# Amp problem!!!!



## wooz (Feb 23, 2009)

hello, i've plugged my amp into a head , but plugged into the amp in the , headphone, jack, pedal jack , etc, now the amp makes a buzzing sound and wont play the guitar. smells like burnt electronics, what have i done?????
BAHHHHHHHHHHHHHH
please, can anyone help???
thanks,
woozkqoct


----------



## fishin' musician (Jun 19, 2008)

Hey Wooz,

First of all take a deep breath, and then go to the Amp Tech page of this forum
http://www.guitarscanada.com/Board/forumdisplay.php?f=46
Explain in detail exactly what happened and someone will know the answer.
Everything can be fixed. :smile:


----------



## Rugburn (Jan 14, 2009)

Well Wooz. your description is little difficult to make out. In order for people to help you here you might want to clear up what you were trying to do. Were you trying to plug one amp into another amp? Is it tube amps or solid state, or both? Did you plug in to an effects loop or headphone jack? There isn't much doubt in my mind that something recieved more juice than it could handle. Whether you've fried a resistor, a capacitor ,a transformer or had a tube socket meltdown is in the details. I'm not saying your problem can necessarily be troublshot over the net, but some of these things can point to a minimal repair job, as oposed to an expensive fix.
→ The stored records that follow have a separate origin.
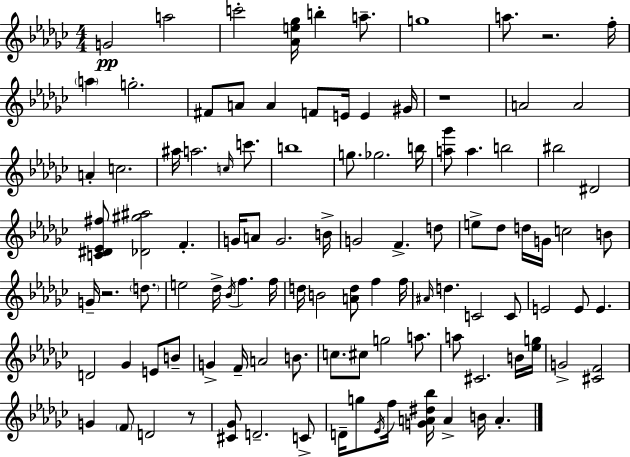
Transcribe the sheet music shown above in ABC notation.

X:1
T:Untitled
M:4/4
L:1/4
K:Ebm
G2 a2 c'2 [_Ae_g]/4 b a/2 g4 a/2 z2 f/4 a g2 ^F/2 A/2 A F/2 E/4 E ^G/4 z4 A2 A2 A c2 ^a/4 a2 c/4 c'/2 b4 g/2 _g2 b/4 [a_g']/2 a b2 ^b2 ^D2 [C^D_E^f]/2 [_D^g^a]2 F G/4 A/2 G2 B/4 G2 F d/2 e/2 _d/2 d/4 G/4 c2 B/2 G/4 z2 d/2 e2 _d/4 _B/4 f f/4 d/4 B2 [Ad]/2 f f/4 ^A/4 d C2 C/2 E2 E/2 E D2 _G E/2 B/2 G F/4 A2 B/2 c/2 ^c/2 g2 a/2 a/2 ^C2 B/4 [_eg]/4 G2 [^CF]2 G F/2 D2 z/2 [^C_G]/2 D2 C/2 D/4 g/2 _E/4 f/4 [GA^d_b]/4 A B/4 A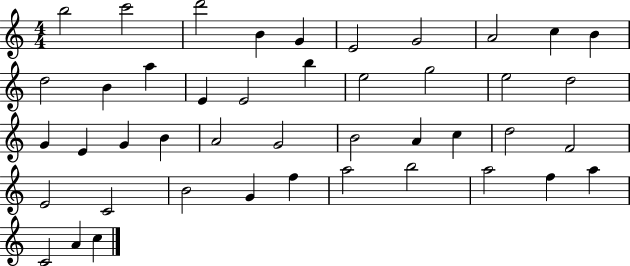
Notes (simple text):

B5/h C6/h D6/h B4/q G4/q E4/h G4/h A4/h C5/q B4/q D5/h B4/q A5/q E4/q E4/h B5/q E5/h G5/h E5/h D5/h G4/q E4/q G4/q B4/q A4/h G4/h B4/h A4/q C5/q D5/h F4/h E4/h C4/h B4/h G4/q F5/q A5/h B5/h A5/h F5/q A5/q C4/h A4/q C5/q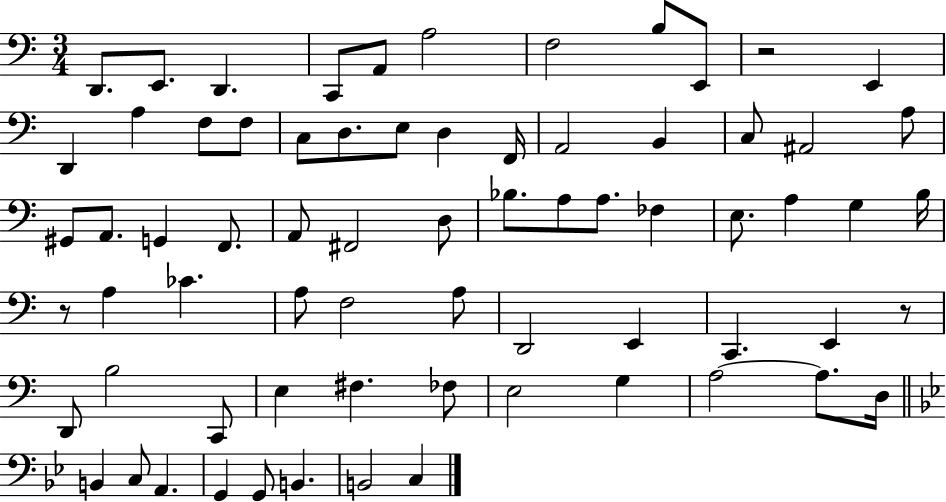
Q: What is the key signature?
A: C major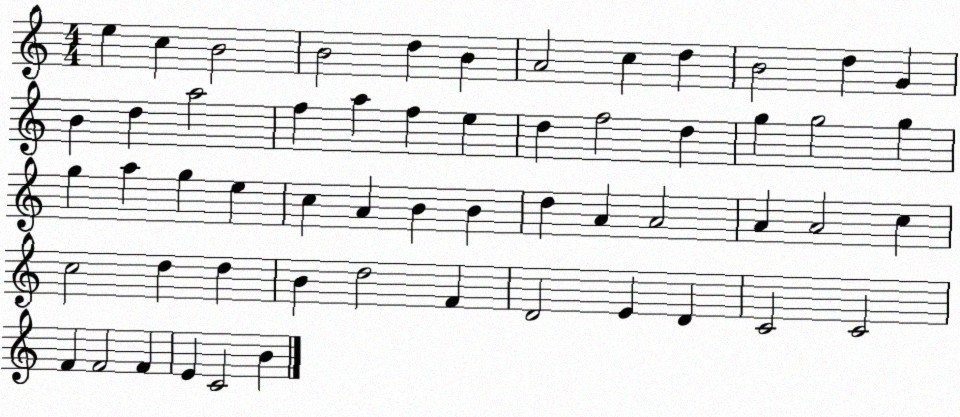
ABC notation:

X:1
T:Untitled
M:4/4
L:1/4
K:C
e c B2 B2 d B A2 c d B2 d G B d a2 f a f e d f2 d g g2 g g a g e c A B B d A A2 A A2 c c2 d d B d2 F D2 E D C2 C2 F F2 F E C2 B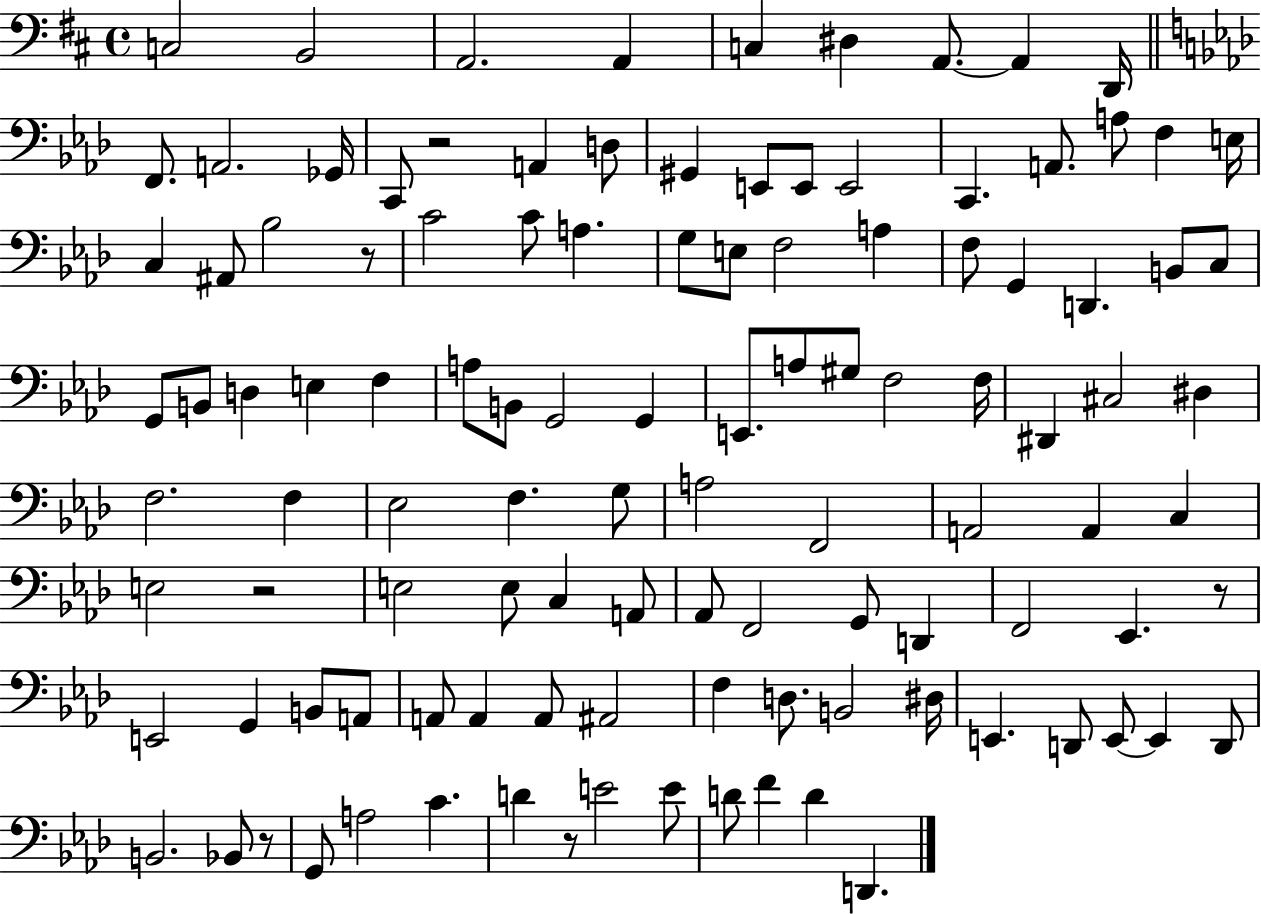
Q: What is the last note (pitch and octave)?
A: D2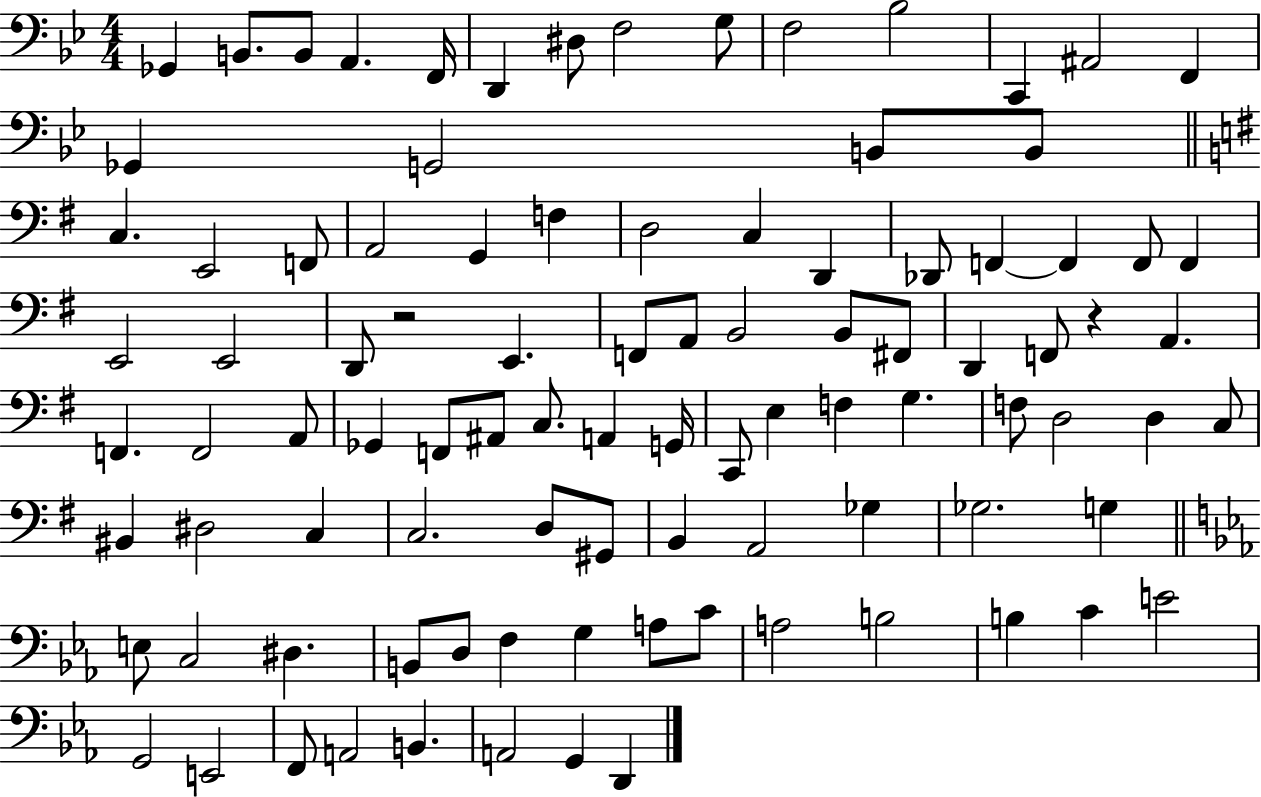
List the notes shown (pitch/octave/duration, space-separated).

Gb2/q B2/e. B2/e A2/q. F2/s D2/q D#3/e F3/h G3/e F3/h Bb3/h C2/q A#2/h F2/q Gb2/q G2/h B2/e B2/e C3/q. E2/h F2/e A2/h G2/q F3/q D3/h C3/q D2/q Db2/e F2/q F2/q F2/e F2/q E2/h E2/h D2/e R/h E2/q. F2/e A2/e B2/h B2/e F#2/e D2/q F2/e R/q A2/q. F2/q. F2/h A2/e Gb2/q F2/e A#2/e C3/e. A2/q G2/s C2/e E3/q F3/q G3/q. F3/e D3/h D3/q C3/e BIS2/q D#3/h C3/q C3/h. D3/e G#2/e B2/q A2/h Gb3/q Gb3/h. G3/q E3/e C3/h D#3/q. B2/e D3/e F3/q G3/q A3/e C4/e A3/h B3/h B3/q C4/q E4/h G2/h E2/h F2/e A2/h B2/q. A2/h G2/q D2/q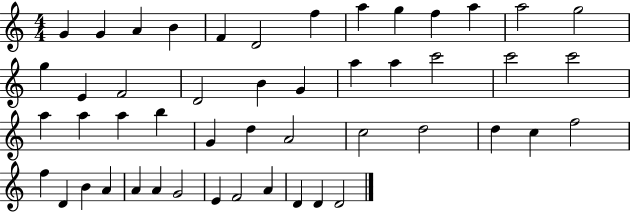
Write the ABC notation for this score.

X:1
T:Untitled
M:4/4
L:1/4
K:C
G G A B F D2 f a g f a a2 g2 g E F2 D2 B G a a c'2 c'2 c'2 a a a b G d A2 c2 d2 d c f2 f D B A A A G2 E F2 A D D D2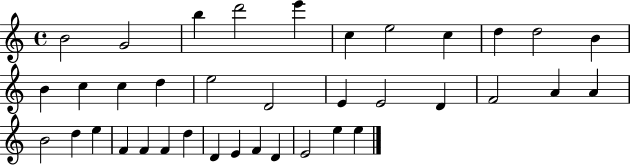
{
  \clef treble
  \time 4/4
  \defaultTimeSignature
  \key c \major
  b'2 g'2 | b''4 d'''2 e'''4 | c''4 e''2 c''4 | d''4 d''2 b'4 | \break b'4 c''4 c''4 d''4 | e''2 d'2 | e'4 e'2 d'4 | f'2 a'4 a'4 | \break b'2 d''4 e''4 | f'4 f'4 f'4 d''4 | d'4 e'4 f'4 d'4 | e'2 e''4 e''4 | \break \bar "|."
}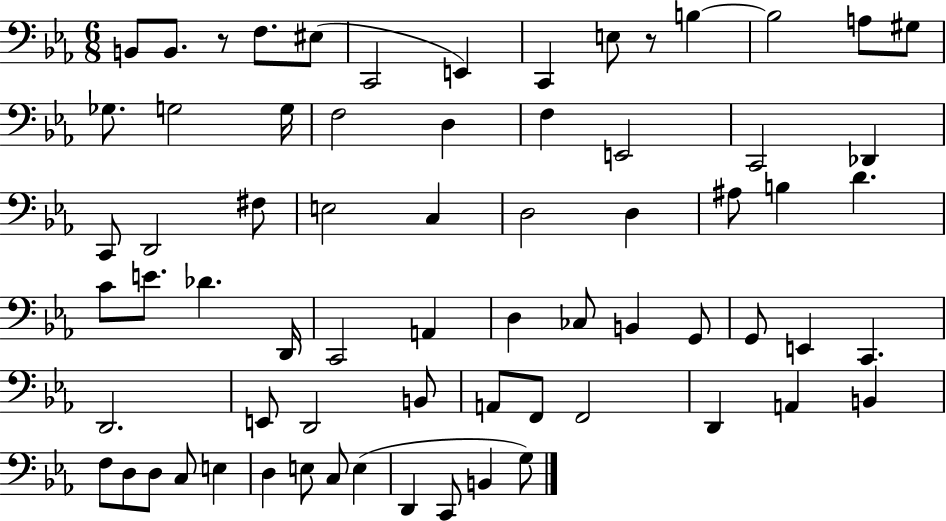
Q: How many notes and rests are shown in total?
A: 69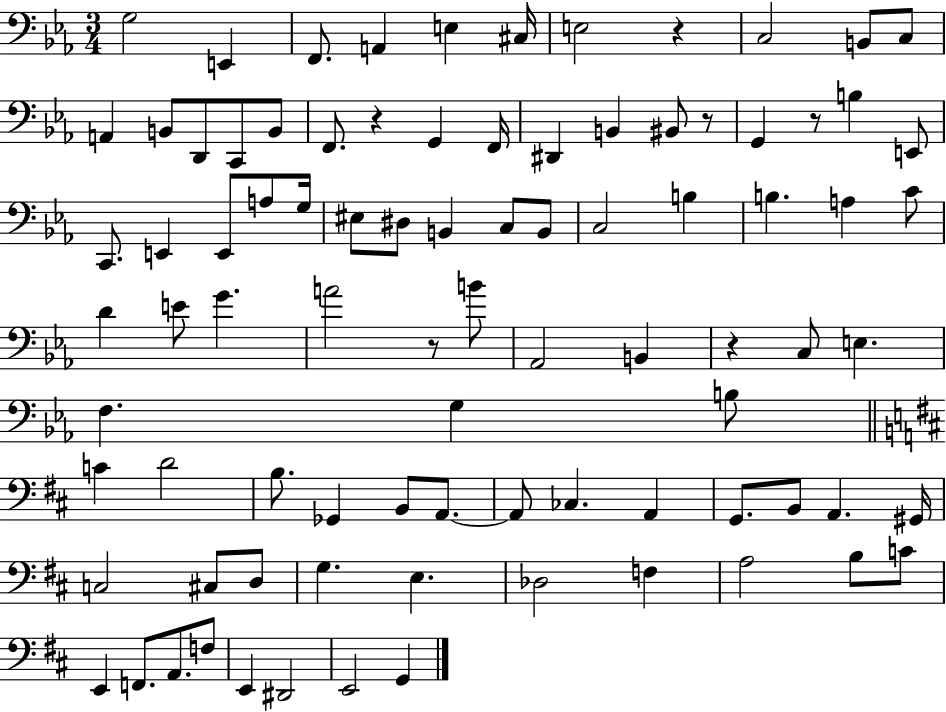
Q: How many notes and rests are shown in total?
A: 88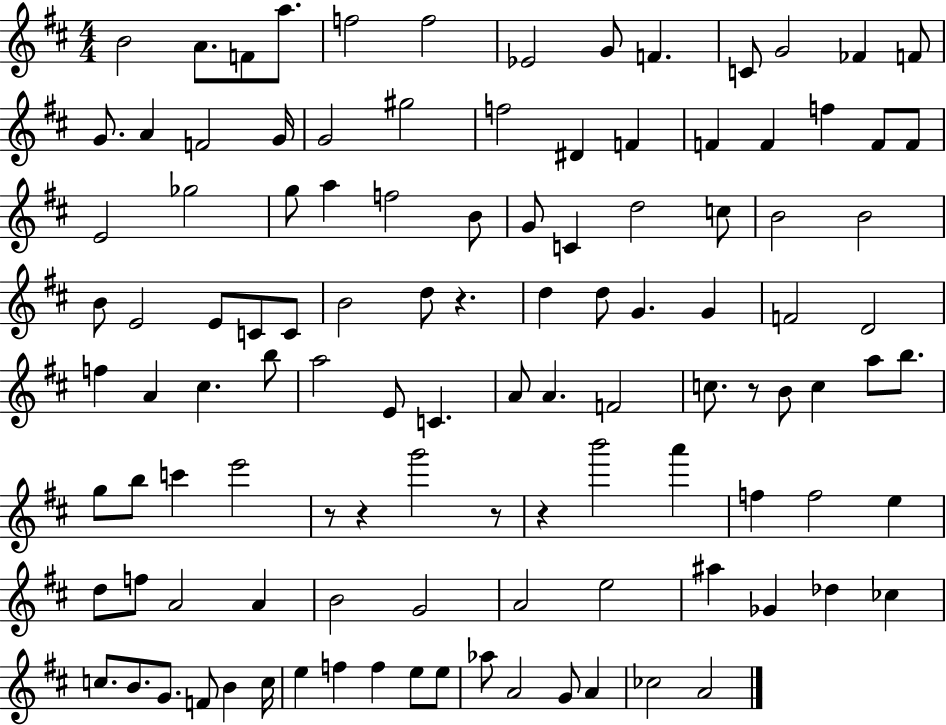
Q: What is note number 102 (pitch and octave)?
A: A4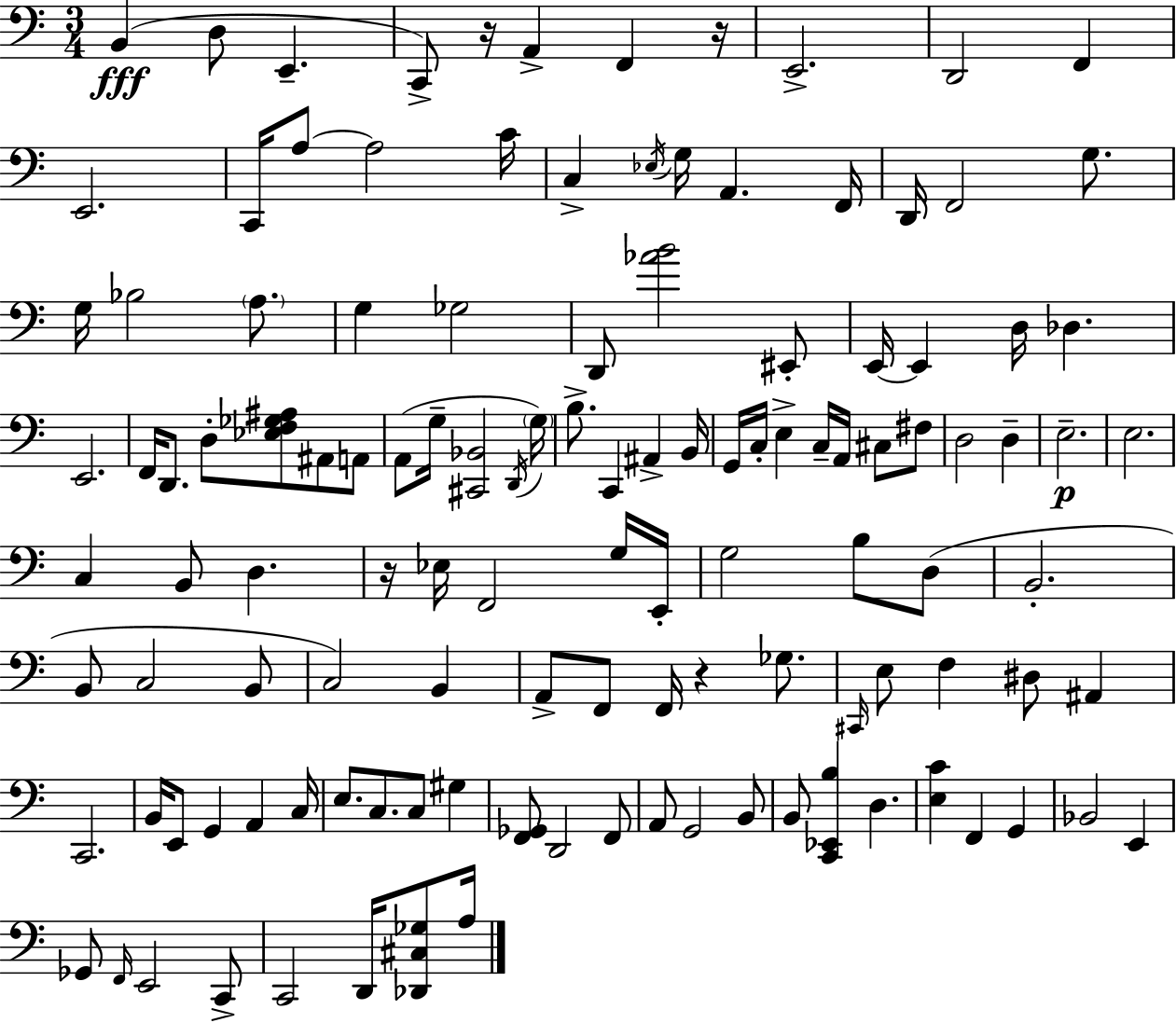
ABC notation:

X:1
T:Untitled
M:3/4
L:1/4
K:Am
B,, D,/2 E,, C,,/2 z/4 A,, F,, z/4 E,,2 D,,2 F,, E,,2 C,,/4 A,/2 A,2 C/4 C, _E,/4 G,/4 A,, F,,/4 D,,/4 F,,2 G,/2 G,/4 _B,2 A,/2 G, _G,2 D,,/2 [_AB]2 ^E,,/2 E,,/4 E,, D,/4 _D, E,,2 F,,/4 D,,/2 D,/2 [_E,F,_G,^A,]/2 ^A,,/2 A,,/2 A,,/2 G,/4 [^C,,_B,,]2 D,,/4 G,/4 B,/2 C,, ^A,, B,,/4 G,,/4 C,/4 E, C,/4 A,,/4 ^C,/2 ^F,/2 D,2 D, E,2 E,2 C, B,,/2 D, z/4 _E,/4 F,,2 G,/4 E,,/4 G,2 B,/2 D,/2 B,,2 B,,/2 C,2 B,,/2 C,2 B,, A,,/2 F,,/2 F,,/4 z _G,/2 ^C,,/4 E,/2 F, ^D,/2 ^A,, C,,2 B,,/4 E,,/2 G,, A,, C,/4 E,/2 C,/2 C,/2 ^G, [F,,_G,,]/2 D,,2 F,,/2 A,,/2 G,,2 B,,/2 B,,/2 [C,,_E,,B,] D, [E,C] F,, G,, _B,,2 E,, _G,,/2 F,,/4 E,,2 C,,/2 C,,2 D,,/4 [_D,,^C,_G,]/2 A,/4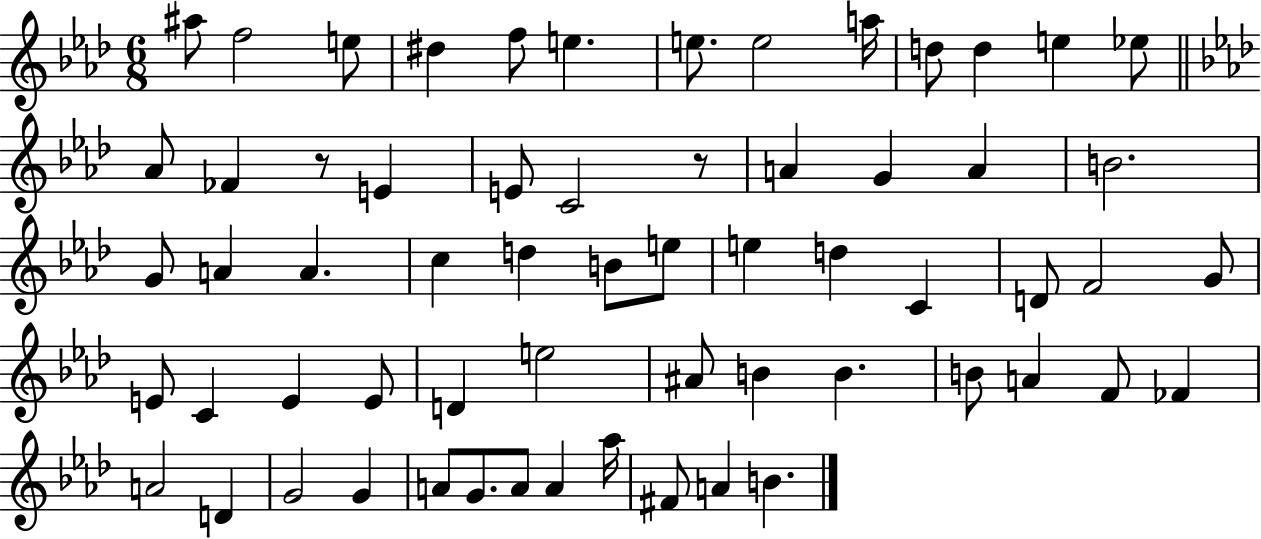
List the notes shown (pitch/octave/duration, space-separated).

A#5/e F5/h E5/e D#5/q F5/e E5/q. E5/e. E5/h A5/s D5/e D5/q E5/q Eb5/e Ab4/e FES4/q R/e E4/q E4/e C4/h R/e A4/q G4/q A4/q B4/h. G4/e A4/q A4/q. C5/q D5/q B4/e E5/e E5/q D5/q C4/q D4/e F4/h G4/e E4/e C4/q E4/q E4/e D4/q E5/h A#4/e B4/q B4/q. B4/e A4/q F4/e FES4/q A4/h D4/q G4/h G4/q A4/e G4/e. A4/e A4/q Ab5/s F#4/e A4/q B4/q.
It sounds like it needs a doctor.

Good luck Shawn.


----------



## greco (Jul 15, 2007)

wooz said:


> hello, i've plugged my amp into a head , but plugged into the amp in the , headphone, jack, pedal jack , etc,


Wooz...as Rugburn said..._*"your description is little difficult to make out."*_

Can you be more clear as to what got plugged into what and in which order all this "plugging into" happened

Cheers

Dave


----------



## Esoterik (Dec 18, 2006)

Sounds like he plugged the speaker cable into the footswitch jack instead of the speaker out on his amp.

If I'm right, the output transformer is probably blown from him running the amp without a load.

I am assuming of course that this is a tube head.

I'm doing a lot of assuming here actually.


----------



## Ripper (Jul 1, 2006)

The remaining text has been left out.